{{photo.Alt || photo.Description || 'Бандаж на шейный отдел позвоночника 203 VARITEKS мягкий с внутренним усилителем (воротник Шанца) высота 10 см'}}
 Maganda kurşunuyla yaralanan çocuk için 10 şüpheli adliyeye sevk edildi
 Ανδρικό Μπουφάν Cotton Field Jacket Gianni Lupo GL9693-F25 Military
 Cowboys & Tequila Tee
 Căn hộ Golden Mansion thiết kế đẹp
□ □ □ □ □
**Assignment:** Give back exactly the lines from the one containing "Cowboys & Tequila Tee" through the end of the listing above, with both ends included and nothing added.

**Task solution:**
 Cowboys & Tequila Tee
 Căn hộ Golden Mansion thiết kế đẹp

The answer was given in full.